En matière de responsabilité contractuelle, l’évaluation du préjudice ne se limite jamais au seul coût apparent des réparations. L’arrêt du 29 janvier 2026 rappelle une règle essentielle : la TVA n’a vocation à être intégrée dans l’indemnité que lorsqu’elle constitue une charge définitive pour la victime. Autrement dit, payer la TVA ne suffit pas ; encore faut-il ne pas pouvoir la récupérer.
Une réparation intégrale, mais sans enrichissement
La solution repose sur un principe classique : la réparation doit être intégrale, sans perte pour la victime, mais sans enrichissement non plus. Si la TVA est incluse dans l’indemnité alors que le créancier peut ensuite la récupérer, il perçoit plus que son préjudice réel. À l’inverse, si la TVA n’est pas prise en compte alors qu’elle reste effectivement à sa charge, l’indemnisation devient insuffisante. La Cour de cassation rappelle donc que la prise en compte de la TVA dépend non de son paiement initial, mais de son coût final pour le créancier de l’indemnité.

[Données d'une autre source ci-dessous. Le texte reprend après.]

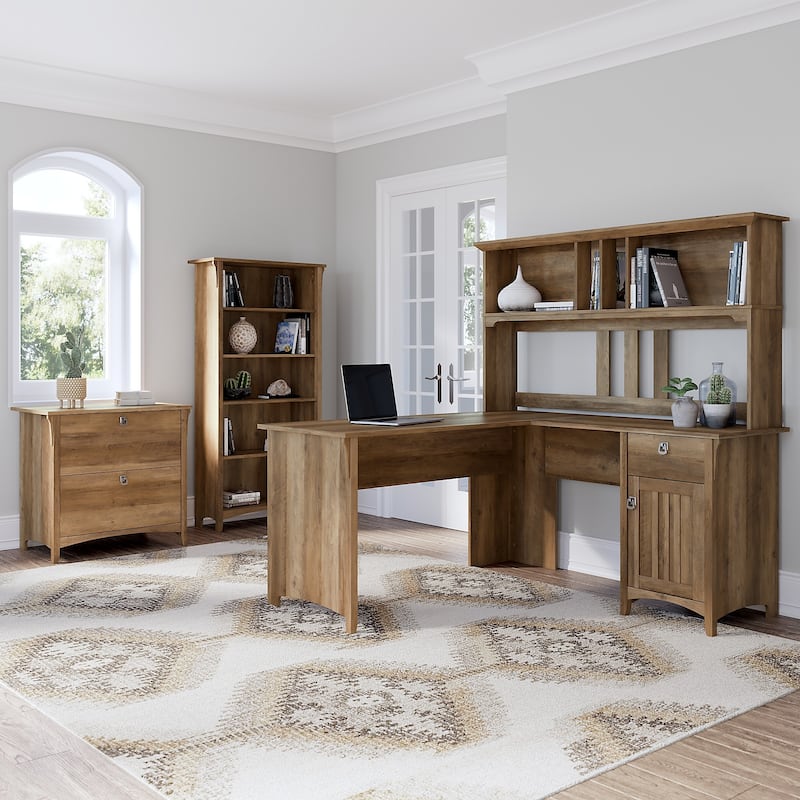 Salinas 60W L Desk with Hutch, Cabinet and Bookcase by Bush Furniture - Reclaimed Pine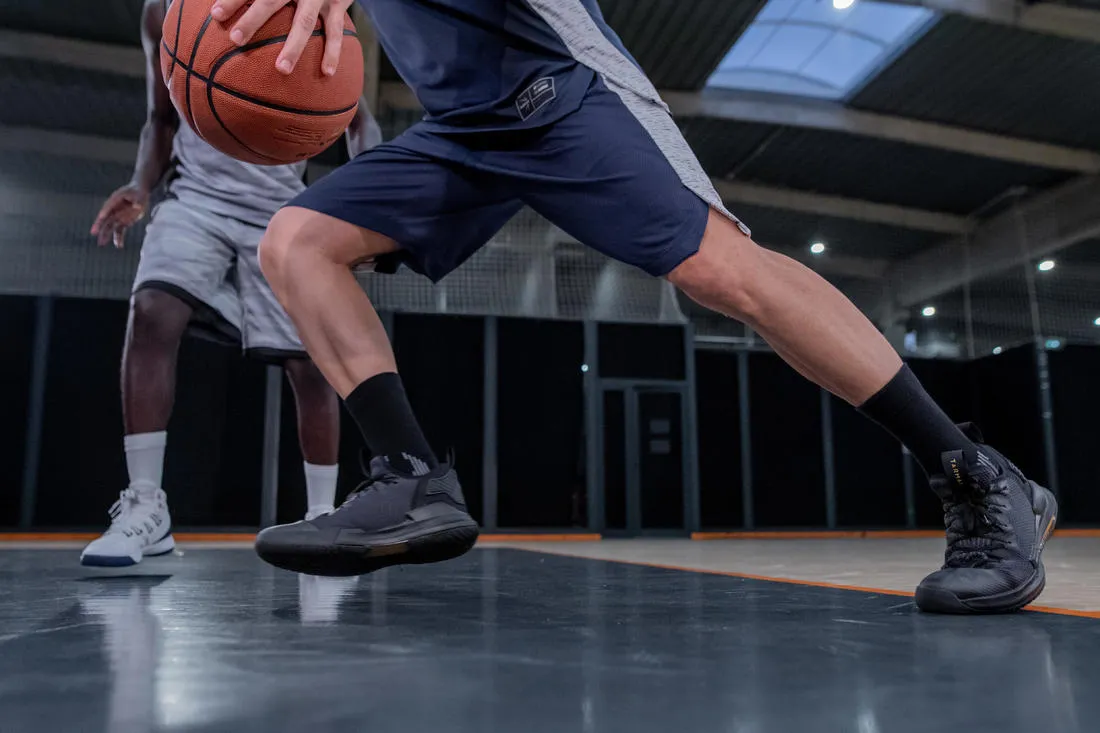 Men's/Women's Low-Rise Basketball Shoes Fast 500 - Black/Beige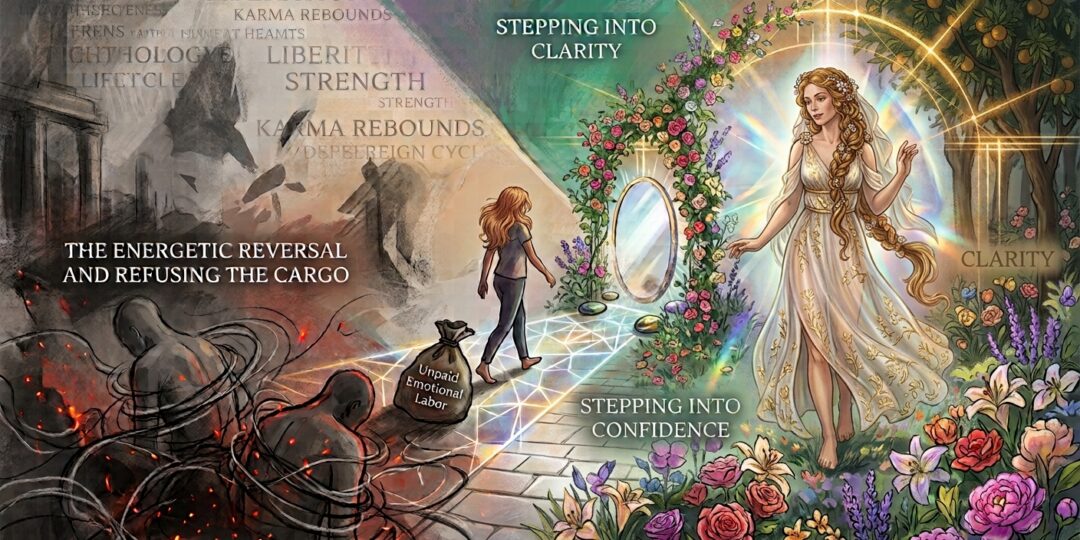 A split-screen conceptual art piece illustrating personal transformation. The dark left side shows a woman leaving behind crumbling ruins and two figures bound by fiery chains, with a discarded bag labeled 'Unpaid Emotional Labor'. A fragmented light path leads her to the right side, where she steps through a floral archway into a sunlit, blooming garden. The right side features a radiant, goddess-like figure in a flowing white gown surrounded by sacred geometry, with blooming flowers and trees. Text on the left reads: 'THE ENERGETIC REVERSAL AND REFUSING THE CARGO'. Text on the right reads: 'STEPPING INTO CLARITY' and 'STEPPING INTO CONFIDENCE'. The entire composition uses color, lighting, and symbolism to depict the journey from trauma to healing.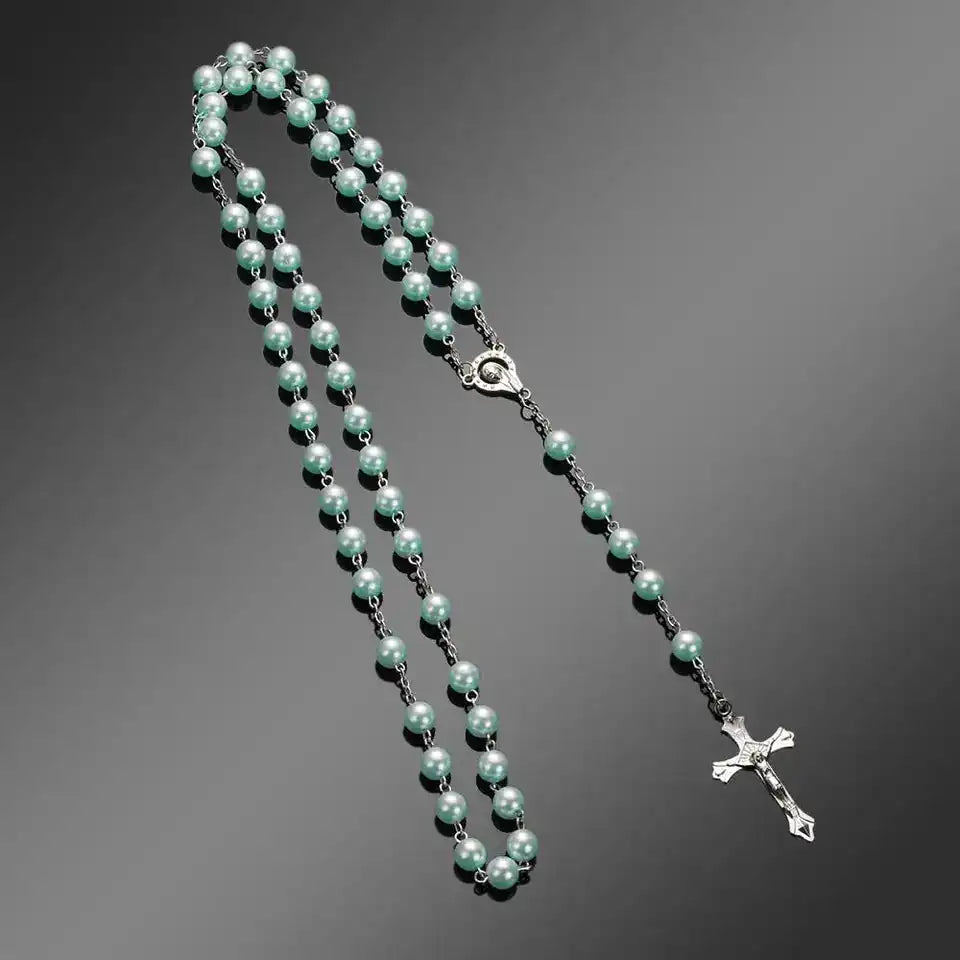The Sacred Thread — Vintage Rosary Bead Cross Necklace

La qualité fiscale du créancier devient décisive
Dans l’affaire jugée, la cour d’appel avait accordé une indemnisation toutes taxes comprises en retenant simplement que la locataire devrait nécessairement acquitter la TVA pour faire exécuter les travaux. Ce raisonnement a été censuré. La Cour de cassation exige une vérification plus précise : il faut rechercher si le créancier est assujetti à la TVA et s’il peut en récupérer le montant. La réparation du préjudice n’implique donc la prise en compte de la TVA que si cette taxe reste à la charge du créancier, parce qu’il n’est pas assujetti ou qu’il ne peut pas la déduire.
Une preuve qui pèse sur celui qui réclame une indemnité TTC
L’arrêt présente aussi un intérêt pratique important sur le terrain de la preuve. Lorsqu’une victime demande une indemnité incluant la TVA, il lui appartient de démontrer qu’elle ne peut pas récupérer cette taxe. Cette exigence est logique : c’est elle qui connaît sa propre situation fiscale et qui est la mieux placée pour la justifier. En pratique, une société commerciale qui ne prouve pas qu’elle bénéficie d’un régime excluant la récupération de la TVA devra, sauf élément particulier, être indemnisée hors taxes. Le juge doit donc vérifier concrètement si la demande TTC est fondée.
Par son arrêt du 29 janvier 2026 (Civ. 3e, n° 23-15.292), la Cour de cassation confirme une règle simple dans son principe, mais essentielle en pratique : la TVA n’entre dans l’indemnité que si elle demeure une charge réelle pour la victime. Cette décision invite les demandeurs à soigner leurs écritures et à documenter précisément leur situation fiscale. En matière d’indemnisation, la juste réparation suppose ici une analyse fine, non du montant facturé, mais du coût réellement supporté.